Crawled caption data:
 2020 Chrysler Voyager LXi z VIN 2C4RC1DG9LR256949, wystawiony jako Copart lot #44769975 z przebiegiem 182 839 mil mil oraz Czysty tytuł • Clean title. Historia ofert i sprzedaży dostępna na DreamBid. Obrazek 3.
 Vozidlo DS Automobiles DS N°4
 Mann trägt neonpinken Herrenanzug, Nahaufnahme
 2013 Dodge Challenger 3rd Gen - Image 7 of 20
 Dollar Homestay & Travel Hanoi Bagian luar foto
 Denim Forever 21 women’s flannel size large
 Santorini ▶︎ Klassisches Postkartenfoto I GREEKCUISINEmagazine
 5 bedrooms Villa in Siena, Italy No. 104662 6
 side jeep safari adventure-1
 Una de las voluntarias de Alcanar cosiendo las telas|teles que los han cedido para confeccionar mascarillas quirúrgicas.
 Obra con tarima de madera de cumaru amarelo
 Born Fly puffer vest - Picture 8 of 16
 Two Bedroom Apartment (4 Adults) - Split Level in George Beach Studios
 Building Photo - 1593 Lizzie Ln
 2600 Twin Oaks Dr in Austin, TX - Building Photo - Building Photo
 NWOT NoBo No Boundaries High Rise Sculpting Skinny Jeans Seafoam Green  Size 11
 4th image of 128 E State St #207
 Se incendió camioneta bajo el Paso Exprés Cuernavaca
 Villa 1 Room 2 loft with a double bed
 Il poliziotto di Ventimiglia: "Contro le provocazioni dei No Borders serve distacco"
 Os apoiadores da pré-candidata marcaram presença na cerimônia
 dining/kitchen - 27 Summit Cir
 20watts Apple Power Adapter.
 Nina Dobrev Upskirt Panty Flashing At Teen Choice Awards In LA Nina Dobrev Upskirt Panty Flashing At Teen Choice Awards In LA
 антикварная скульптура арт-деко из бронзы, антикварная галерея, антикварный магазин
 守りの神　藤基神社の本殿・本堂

AIM OF THE TASK:
The answer must consist of every line from the data that contains the word "Villa".

ANSWER FOR THIS EXERCISE:
 5 bedrooms Villa in Siena, Italy No. 104662 6
 Villa 1 Room 2 loft with a double bed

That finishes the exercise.